Work request:
In the entries that follow, locate the line with "L Bottle, 6/Carton", then restate that line and all later lines exactly as they appear, leaving pictures out.

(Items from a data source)
-=-=-

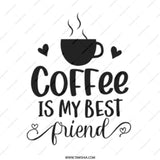 Coffee Mug, Coffee Is My Best Friend Mug, Funny Coffee Mug, Friendship Gift, Coffee Lover Gift, Gift for Friend, Coffee Mug Gift - Tawshia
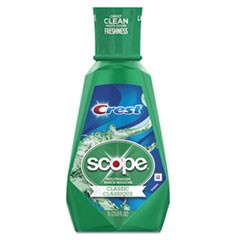 + Scope Mouth Rinse, Classic Mint, 1 L Bottle, 6/Carton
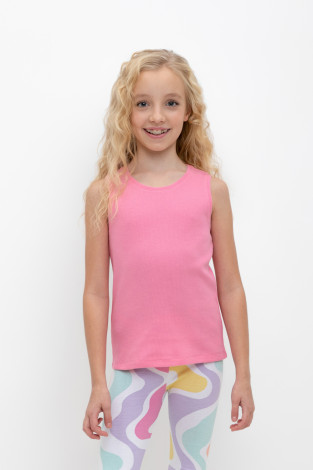 Футболка для девочки, артикул: КР 301698, цвет: ярко-розовый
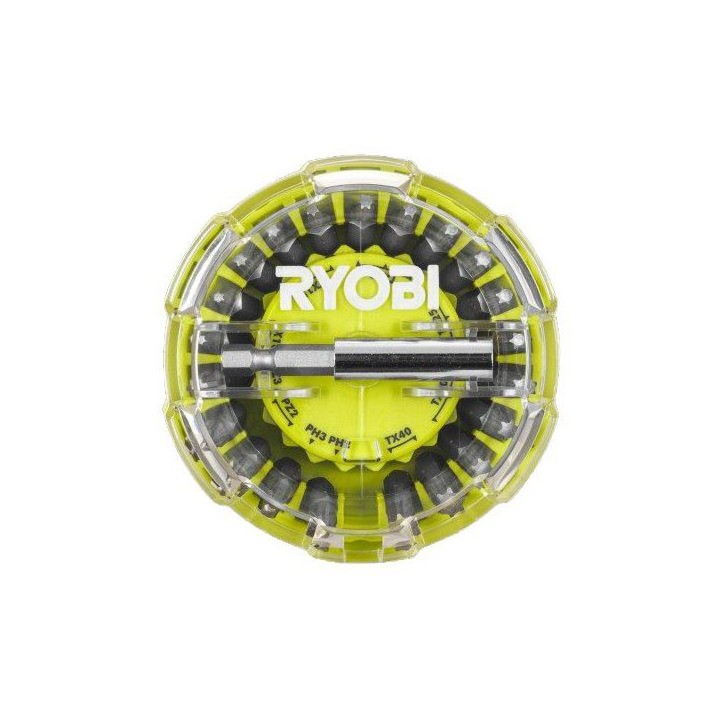 Coffret accessoires de vissage - RYOBI - RAK22SDHOK - 22 pieces - Porte-embout magnétique Coffret accessoires de vissage - RYOBI - RAK22SDHOK - 22 pieces - Porte-embout magnétique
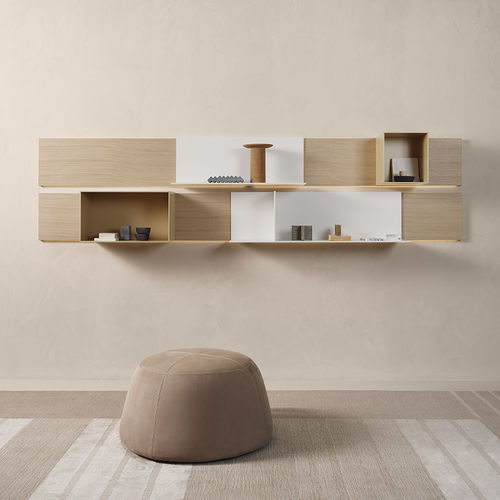 Современный пуф - FUJI - MDF Italia - из ткани / из кожи / круглый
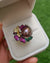 Edison Pearl Ring | Secret Garden Purple Pearl Cocktail Ring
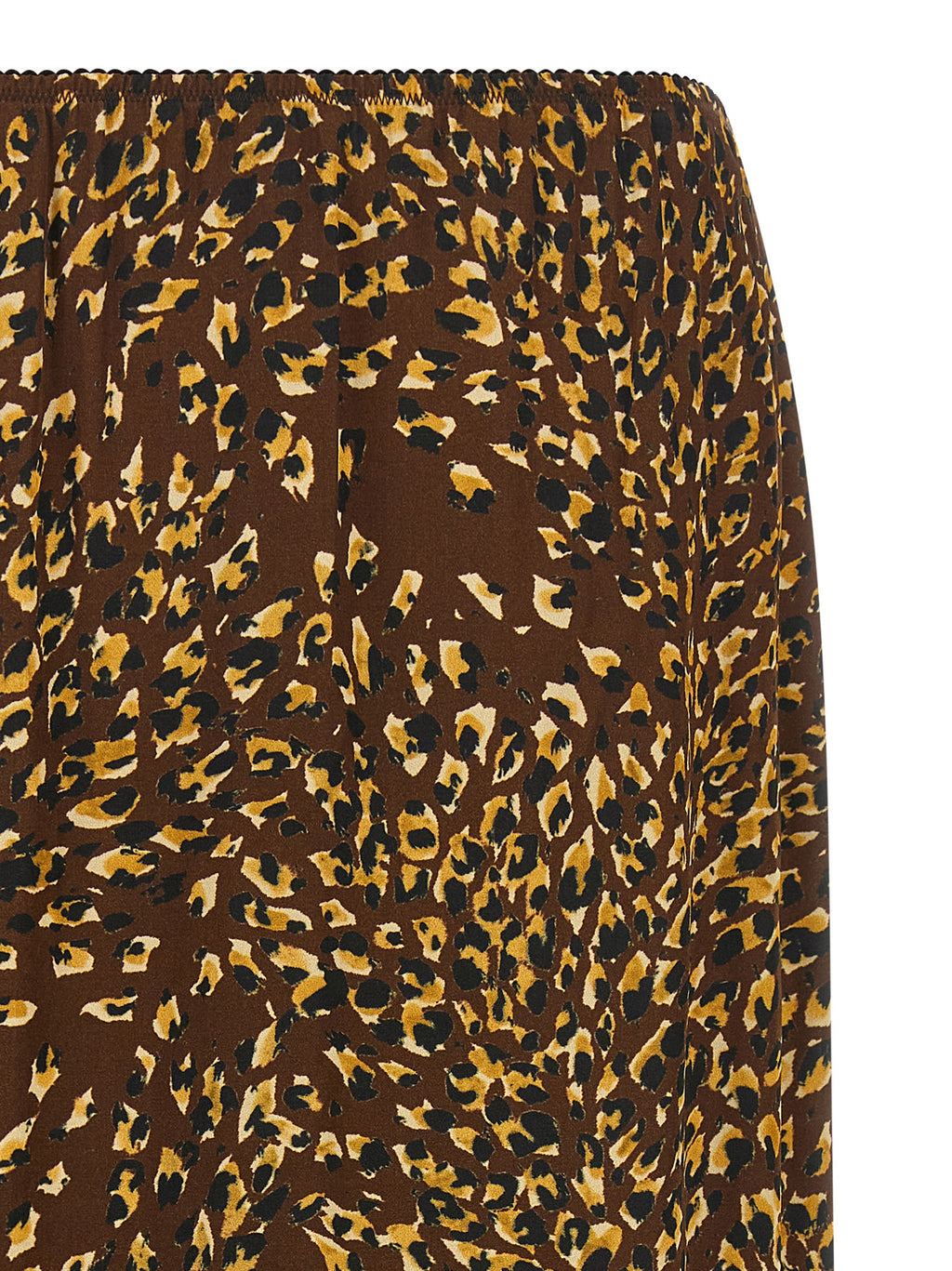Falda midi Twinset marrón de viscosa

-=-=-

Response area:
 + Scope Mouth Rinse, Classic Mint, 1 L Bottle, 6/Carton
 Футболка для девочки, артикул: КР 301698, цвет: ярко-розовый
 Coffret accessoires de vissage - RYOBI - RAK22SDHOK - 22 pieces - Porte-embout magnétique Coffret accessoires de vissage - RYOBI - RAK22SDHOK - 22 pieces - Porte-embout magnétique
 Современный пуф - FUJI - MDF Italia - из ткани / из кожи / круглый
 Edison Pearl Ring | Secret Garden Purple Pearl Cocktail Ring
Falda midi Twinset marrón de viscosa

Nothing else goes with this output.